HS2

08.10.19

Passengers and freight will see improvement in Cumbria following major investment

From October 19, the Cumbrian Coast line will feel seven Sundays of disruption as Network Rail continue their major improvements.

Just under two miles of worn out track will be removed and replaced between Drigg and Bootle as part of the £2.8m Great North Rail Project. This includes the upgrading of railway stone and drainage.

Similar work was carried out earlier in the year between Silecroft and Bootle, as track was improved to comply with modern standards.  

The old class 37 locomotives were recently replaced on this line with Class 156 Northern trains, providing a more modern mode of transport.

Now the attention is being focused on upgrading the track, making a smoother and more comfortable journey for passengers.

Park South on the Cumbrian coast line

Phil James, North West route director at Network Rail, said:

 “We’re committed to putting Cumbrian passengers first. This work as part of the Great North Rail Project will not only make the coast line more reliable for Northern passengers but also for economically important freight trains travelling along this picturesque route.

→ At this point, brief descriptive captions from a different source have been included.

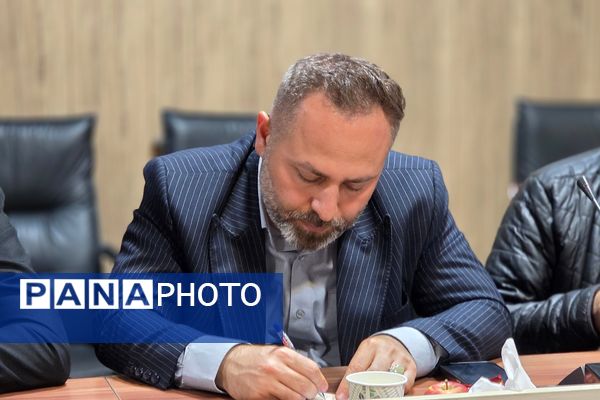 سومین جلسه شورای آموزش و پرورش ناحیه دو بهارستان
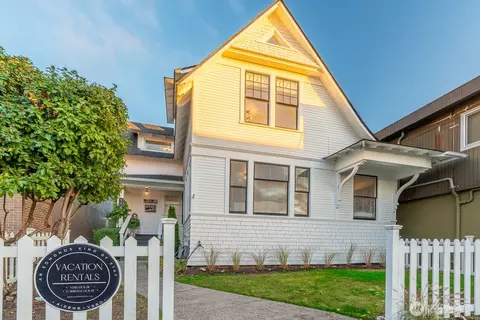 116 4th Ave N, Edmonds, WA 98020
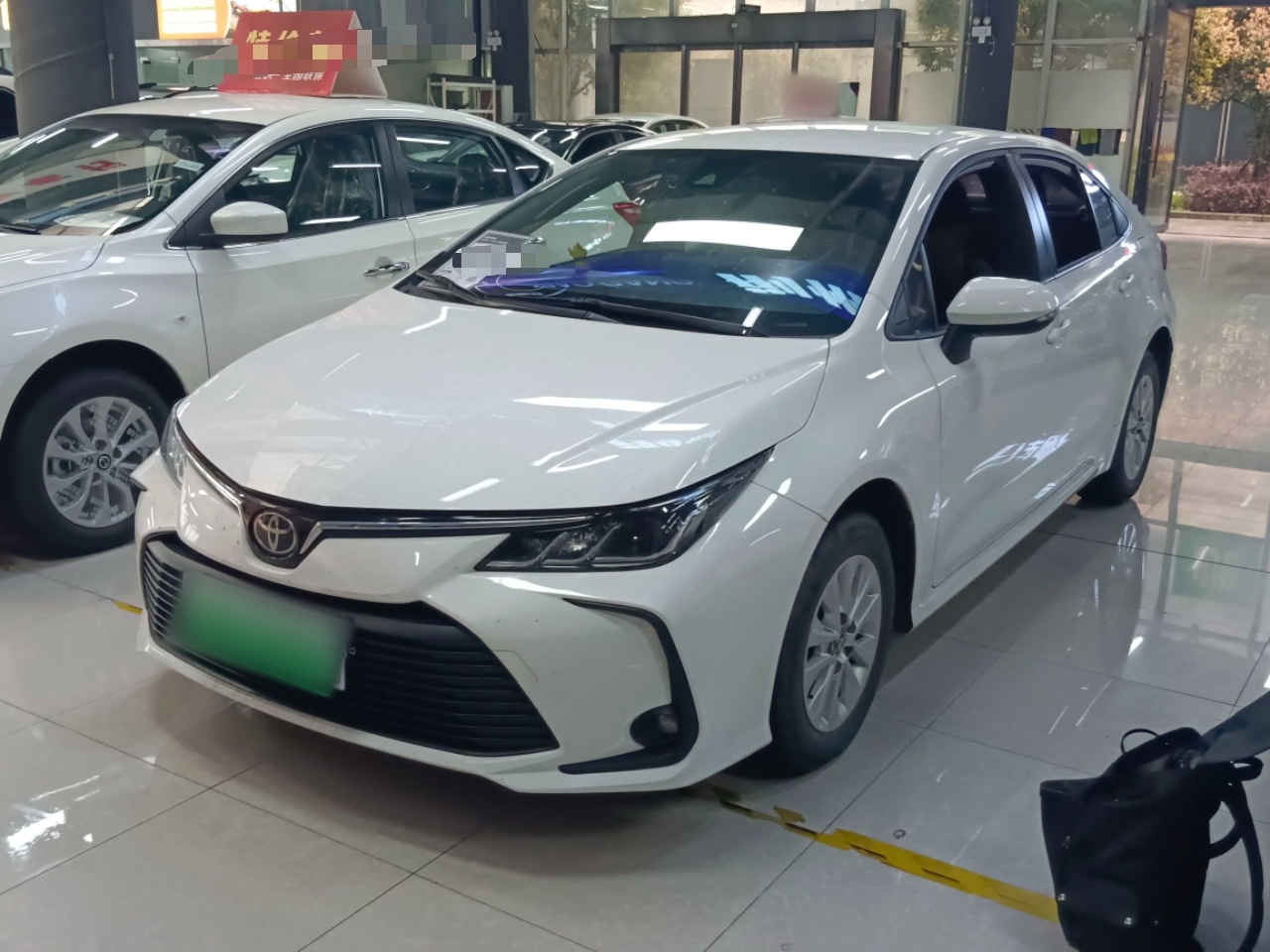 تحت مقدمة السيارة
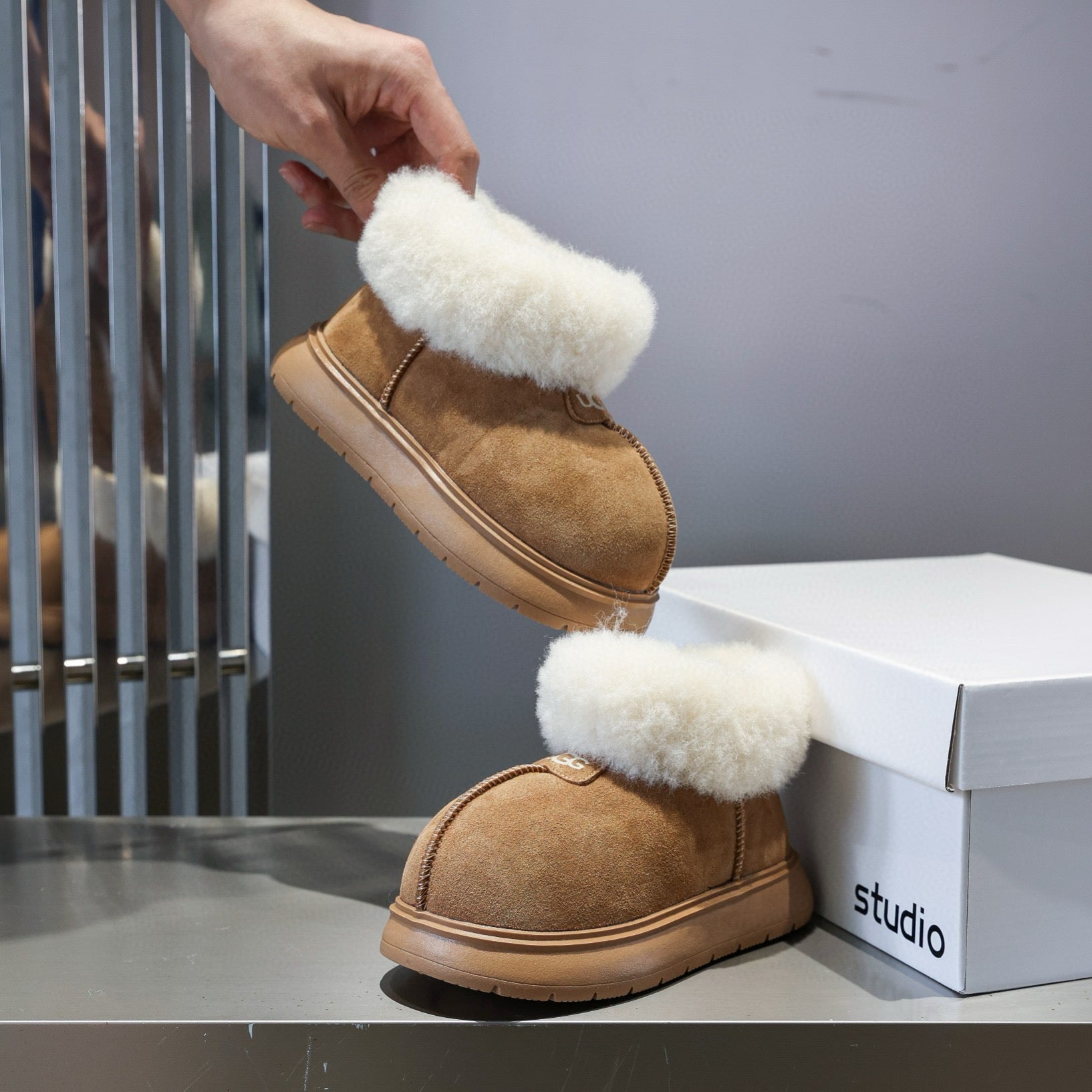 U-GG ugly leather big head snow boots" brown"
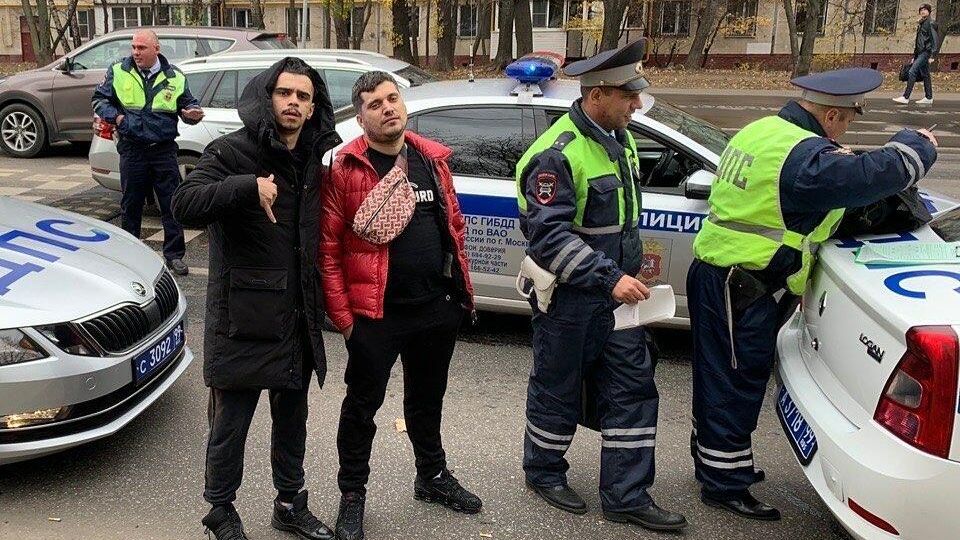 Хип-хоп-исполнитель Паша Техник (Павел Ивлеев) на месте его задержания сотрудниками ДПС - РИА Новости, 1920, 04.04.2025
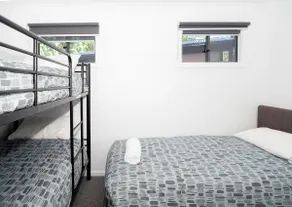 2 Bedroom Riverview Deluxe Cabin - Image 3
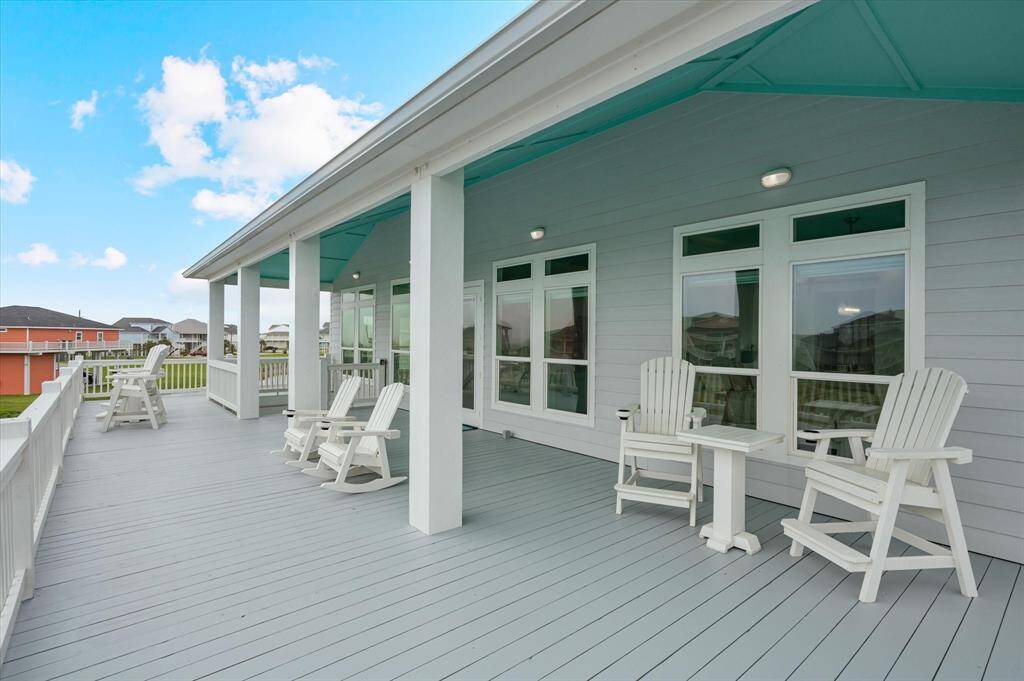 Large deck for entertaining overflow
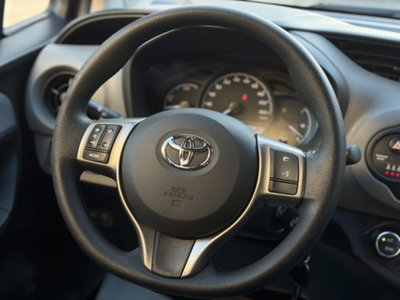 Toyota Yaris 1.5 Hybrid 5 porte Cool (13)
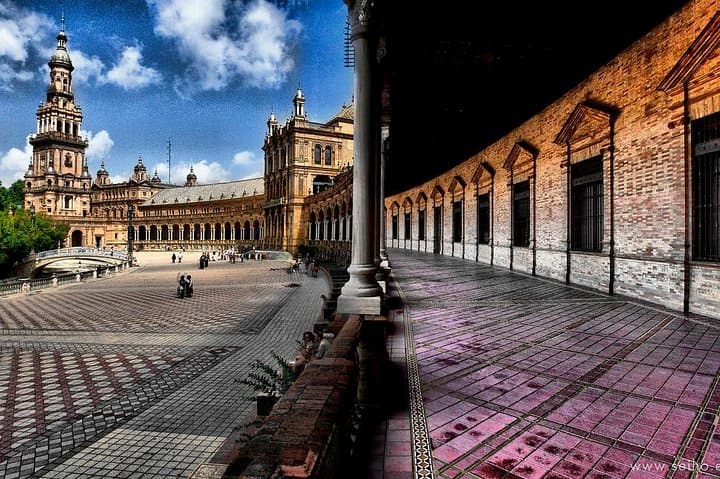Private Walking Tour of Seville with tickets and local tour guide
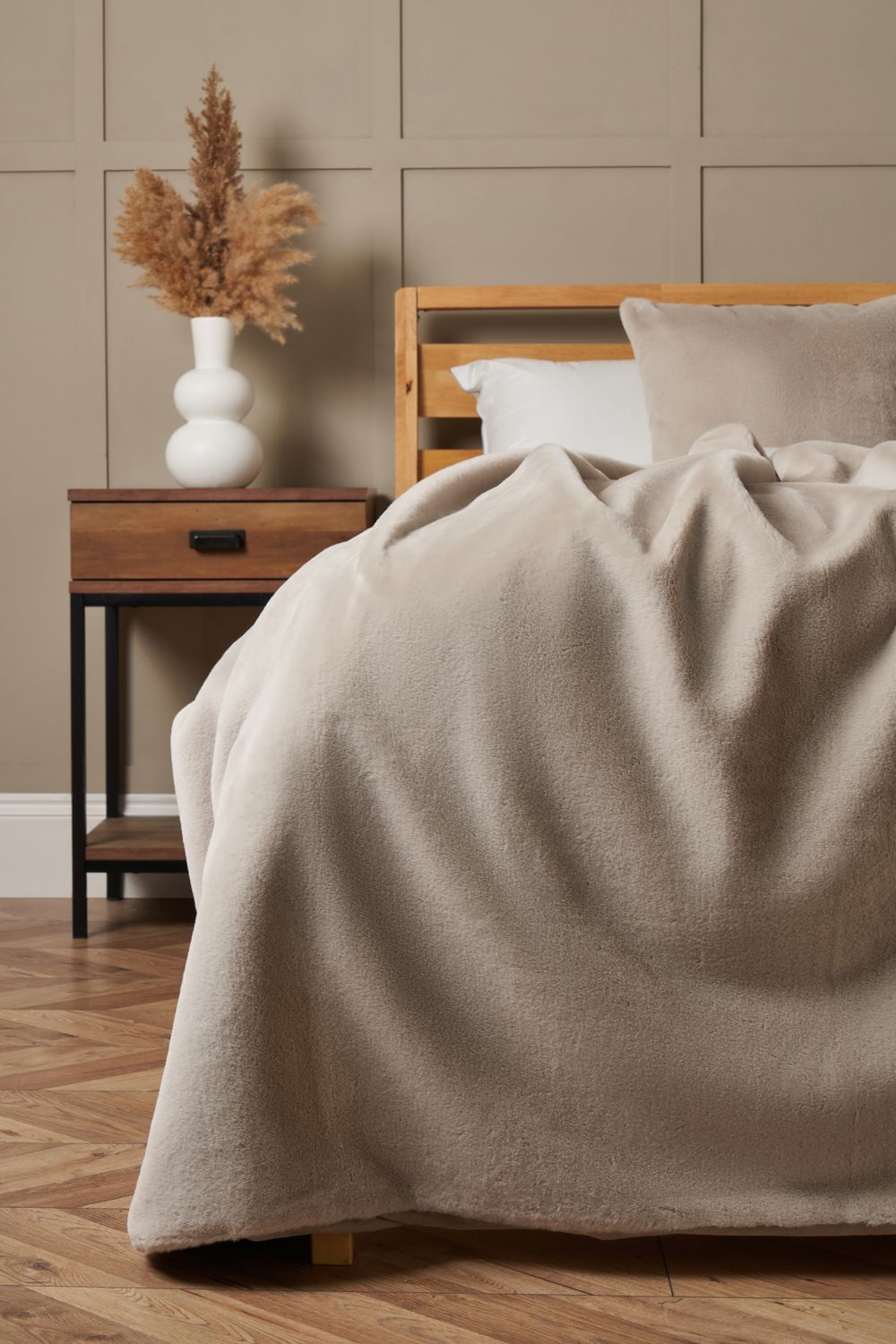 BHS Faux Fur Throw with Velvet Backing in Natural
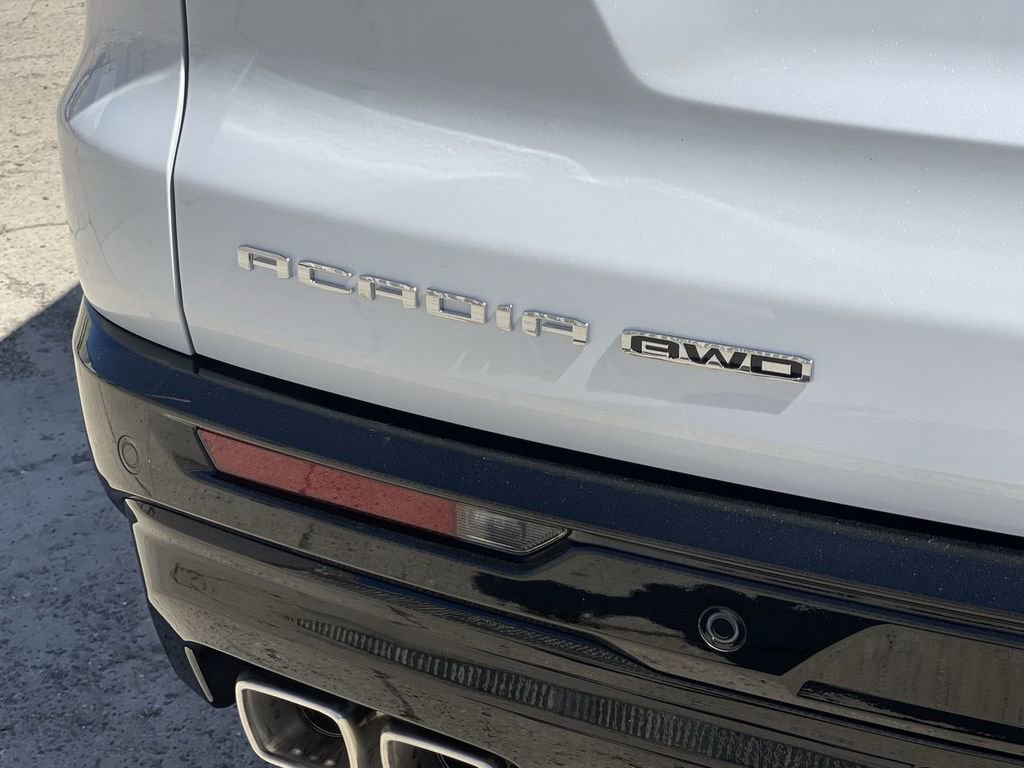 New 2026 GMC Acadia Denali Ultimate AWD/4WD image 32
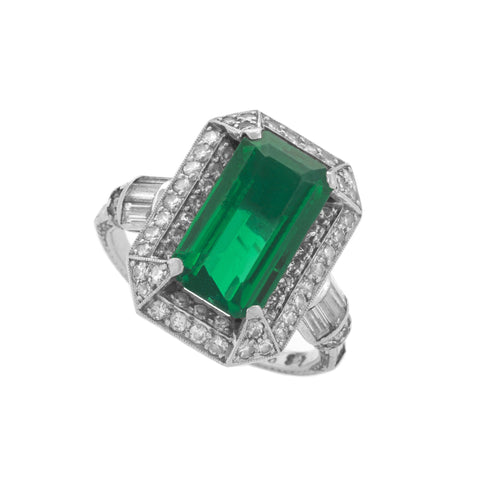 Macklowe Gallery's Art Deco Colombian Emerald and Diamond Ring 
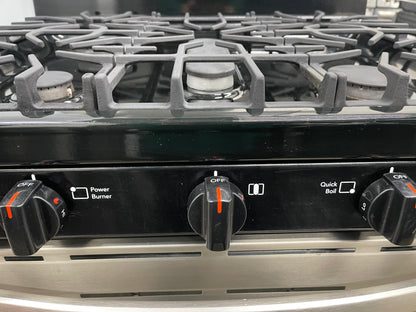 Overview
The Frigidaire FCRG305LAF is a 30-in freestanding gas range with five burners and a 5.0 cu ft capacity oven. It has a stainless steel exterior and a storage drawer. The cooktop features five sealed gas burners, including a 16,000 BTU Quick Boil B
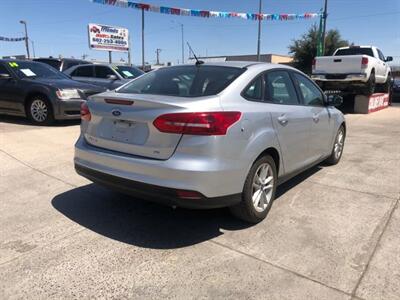 2017 Ford Focus SE   - Photo 8 - Phoenix, AZ 85006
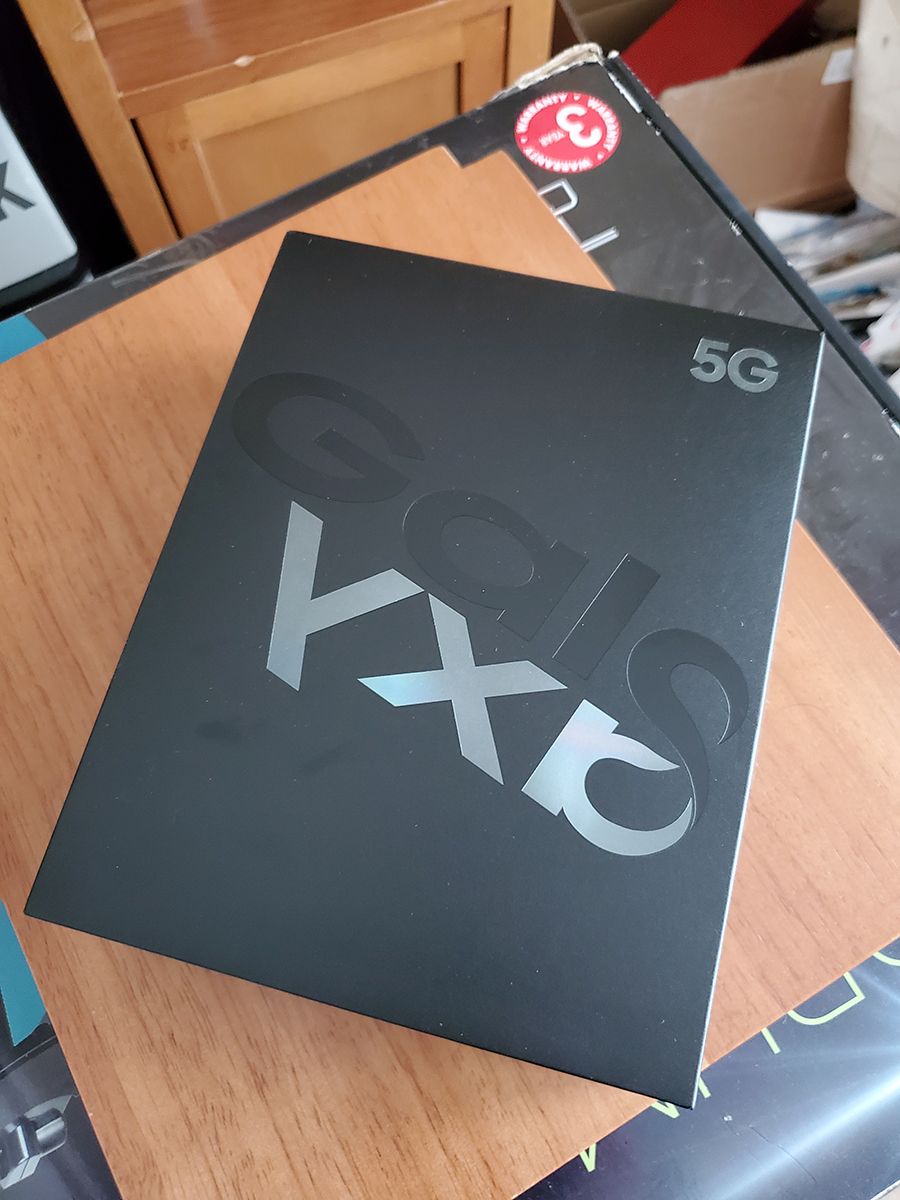 Inner box where phone came in Inner box where phone came in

“The essential work has been carefully planned to cause the least disruption to passengers. We thank people for their patience and advise people travelling between Barrow and Carlisle to check with National Rail Enquiries or Northern if they plan to travel by rail on Sundays.”

While work takes place, buses will replace trains between Barrow, Millom and Sellafield, to try and continue to connect passengers to where they need to be.

The 1.9 miles of new rail and sleepers will last longer, reduce maintenance costs and protect the railway from heavy rainfall.

This is thanks to new and improved materials being used as well as half a mile of railway stone and 300 metres of new drainage.

Trudy Harrison, MP for Copeland, said: 

“I recognise the inconvenience of not having the 21 trains running on a Sunday, following our hard work campaigning to get them, but this essential maintenance means that our service along the Cumbrian coastal railway line will be more reliable. I am delighted that so much investment is going into our local line, it’s not before time, and we have so many more services now.”